It is no secret to anyone who has kept up with local news lately that the local county and city governments have not been getting along, to put it nicely. The most recent disagreements have been about who should get what percentage of the LOST (Local Option Sales Tax) revenue and how services provided to the community should be funded. With negotiations for the LOST continuing through the end of the month, the issues are not likely to go away until a decision is reached; whether that decision will be made by the governing bodies or by a judge in a court of law is unknown at this time. In light of these events, as well as others over the years, Commissioner Steve Hudson offered a suggestion to the citizens of Upson County at the Board of Commissioners meeting last week.
“We’ve been fussing and disagreeing about this distribution of the LOST for some time and I have a proposal that I think could solve the whole thing,” said Hudson. “I think the citizens of Upson County, which includes the citizens of the City of Thomaston, should demand that the two bodies look into the consolidation of the two governments.”
The rest of the board offered no comments either way on the matter after Hudson finished speaking. If the citizens were to follow his suggestion and the unification were to actually happen, then there would no longer be the separate City of Thomaston government and Upson County government. Instead, there would be one governing body for the entire county; which arguably could eliminate the city versus county debate.
City-county consolidations have been going on for more than 100 years. Currently, there are at least 37 consolidated city-county governments in the United States, with another one set to begin in 2014. Seven of them are in Georgia: Athens-Clarke County, Augusta-Richmond County, Columbus-Muscogee County, Cusseta-Chattahoochee County, Georgetown-Quitman County, Preston-Wheeler County, and Statonville-Echols County. Macon-Bibb County will become the eight consolidated government when it begins operation in 2014.

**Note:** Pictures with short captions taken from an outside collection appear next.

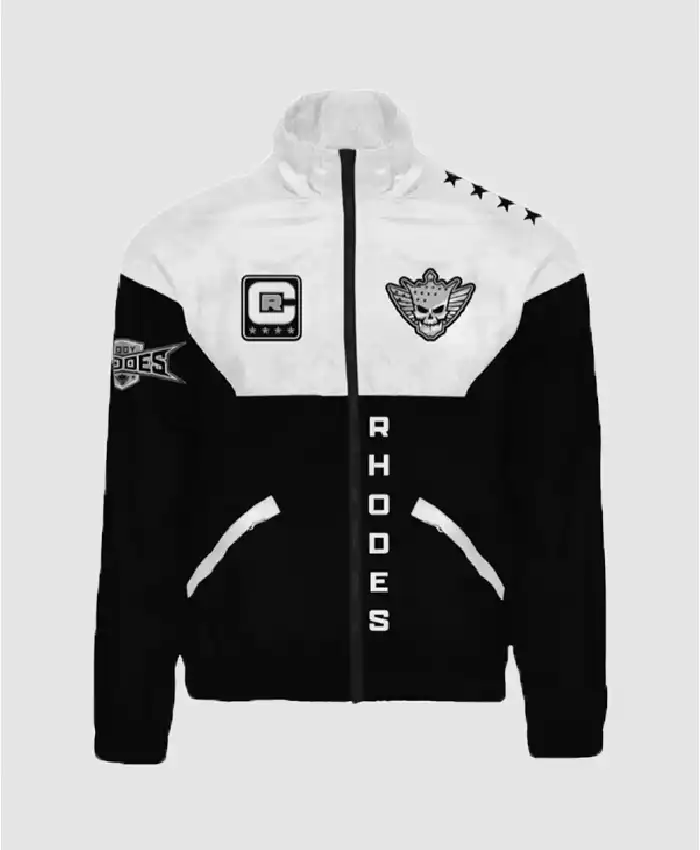 Cody Rhodes Windbreaker Jacket
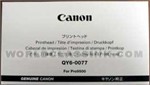 Canon-QY6-0077-000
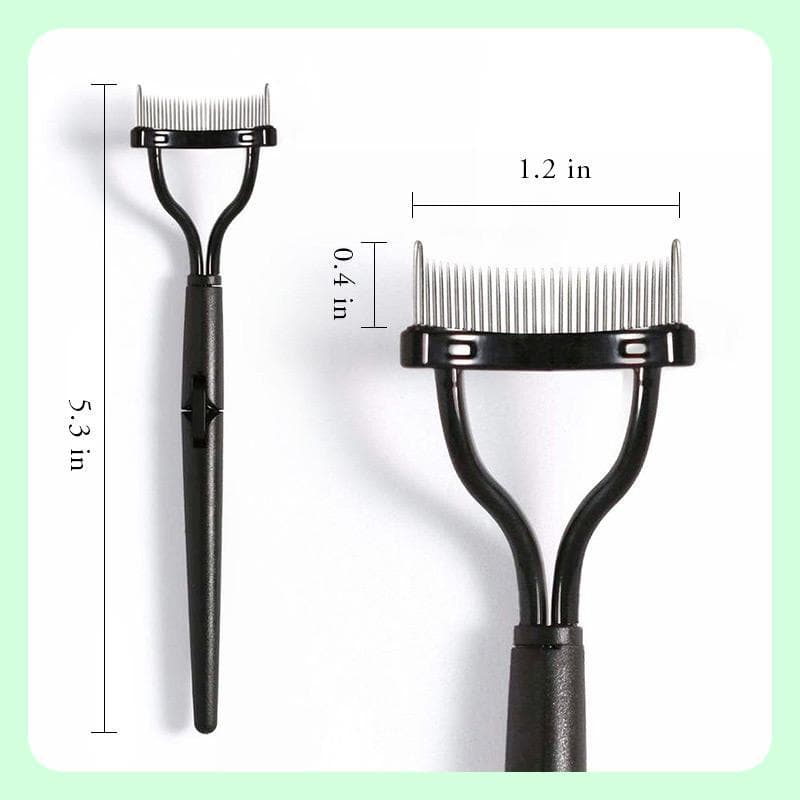 💥Eyelash comb and eyelash separator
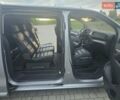 Сірий Опель Zafira Life, об'ємом двигуна 2 л та пробігом 200 тис. км за 25999 $, фото 67 на Automoto.ua
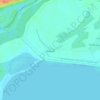 Topografische Karte Водный, Höhe, Relief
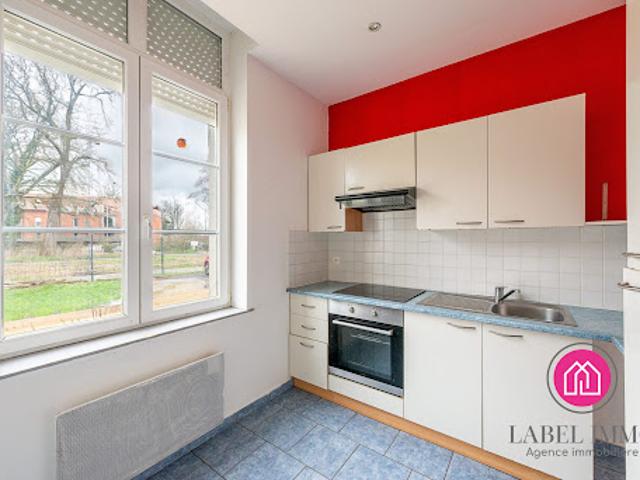 Vente Appartement 6 pièces 72.15 m2 Saultain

Proponents of consolidated governments say they eliminate the duplication of services between cities and county and save money. But opponents say it actually costs more money to consolidate governments.

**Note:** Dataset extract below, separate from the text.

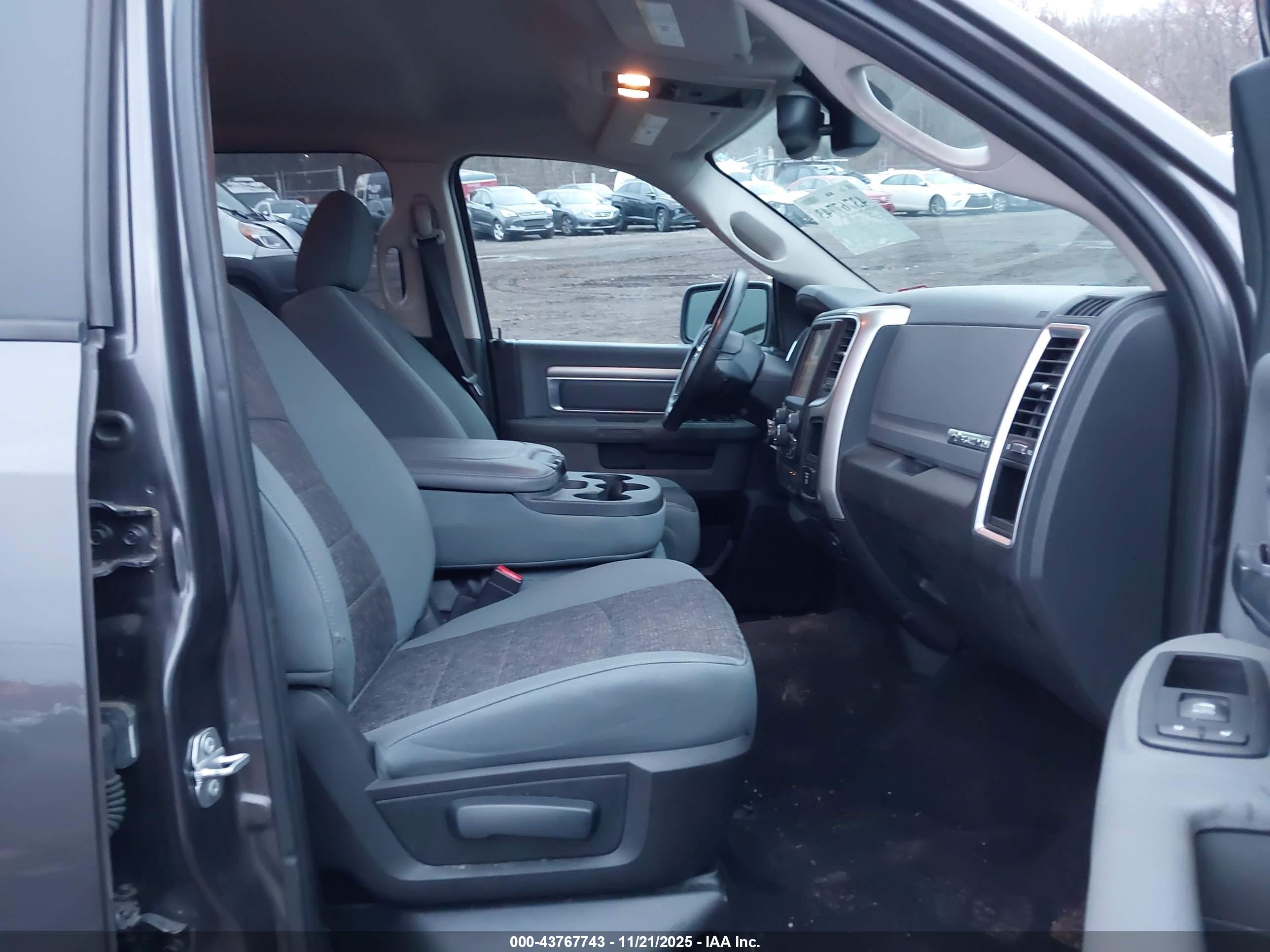 RAM 1500 image 5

A study done by Richard W. Campbell and Sally Coleman Selden and published by the Carl Vinson Institute of Government at the University of Georgia focused on the consolidation of Athens-Clarke County. The study found that while there were some initial costs in forming the consolidated government, eventually there were also some savings. The study concluded that a consolidation can result in cost savings in some departments, however it depends on the design of the new government and the policy and management decisions of its elected and appointed officials.
“The act of consolidating will not guarantee more efficient operations, despite what some of its advocates would have us believe,” the study said. “On the other hand, consolidating governments will not necessarily cause expenditures to increase as some opponents suggest. Each consolidation must be considered case by case and its fiscal impacts forecast based on the local context.”